Bitcoin proponents will recognize many of those same “disadvantages” as issues Bitcoin deals with today. If the document proves one thing, it is that the government has been nothing if not consistent on the digital currency issue. The fears they had, continue to be the fears people in position of authority have today about Bitcoin. Another interesting note, however, is that according to the NSA document, Congress was running hearings on Digital currencies in 1995 and seemed to agree with their assessment that regulating the digital currency space would be “premature.”
That was more than twenty years ago, so it is not a surprise that the government’s position on that seemed to have changed, but at the same time, it is not like there has been twenty years of progress in the digital currency space. Considering the progress that Digicash had already made in 1995, it is not ridiculous to assert that Bitcoin only reached Digicash’s high-water mark recently. Nevertheless, immediately after saying regulation would be premature, they do lay out what kind of regulation they think would be appropriate once the time is right.
“[The subcommittee] suggested Congress might consider requiring these proposed “cyber” systems to show both a demonstrated ability to protect themselves and an ability to assist law enforcement officials when direct or indirect abuse occurs.”
The hearing in question was the second of three hearings on the “Future of Electronic Forms of Money and Electronic Payment Systems” put out by the Banking and Financial Services Subcommittee on Domestic and International Monetary Policy. You can find the entire transcript here. Or, if you are a serious masochist, you can watch the entire event, coming in at over two hours, on C-SPAN’s Archives.
It is worth noting, considering their assertion that digital currency companies be able to help law enforcement when abuses occur, that 1995 was also a big year in the Clipper Chip Wars, in which the NSA wanted to require technology companies to put backdoors into their hardware with a special NSA friendly cryptography chip, called the Clipper Chip. When it was proven that this would inevitably make systems insecure not just from the NSA but also common criminals, the issue was dropped (until more recently) and the Cypherpunks at the time scored a key victory. By 1996, the Clipper Chip project was all but abandoned.
What this shows that, even back in 1995, the government’s position seemed to be that technology companies should be required to sacrifice their customer’s privacy for the government’s efficiency, not just for communications, but financial transactions as well.
Which is what makes Satoshi’s primary invention of decentralization so important. In addition to concerns over money laundering and financing organized crime and terrorism, the government’s primary justification for regulation was ensuring that the digital currency companies (called clearing houses by the government) had significant security in place for their customers. The open-source and decentralized nature of bitcoin made it so that not only can everyone see that the system is safe at all times, but the government would have no one to crack down on even if they had the desire to shut down bitcoin. Satoshi’s invention rendered half of their concerns obsolete.
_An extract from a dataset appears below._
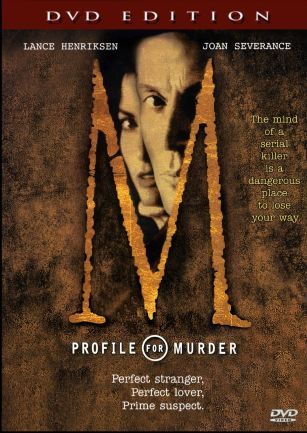 profile for murder (1996) dvd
This is by no means breaking news. But it is a mostly forgotten part of cryptocurrency history and I find it interesting to read the NSA’s thoughts on digital currencies more than two decades before most of us had heard of them. In any case, it is probably a more interesting read than hearing me put in my opinion along with two thousand others, on the Wright-Satoshi debate.
One last off-subject point about the document. It showcases the incredible power of the defense sector’s global communication network back in 1995. According to the document, NSA and other defense related employees had access to government equivalents to photo sharing social media sites, Skype, YouTube, Podcasts and Online Education on their MOSAIC, Signet and Joint Worldwide Intelligence Communications System (JWICS) back in 1995. Many of those technologies wouldn’t become usable for the average consumer until bandwidth issues were addressed in the mid to late 2000s.
We will have more on Cryptocurrency history in the future.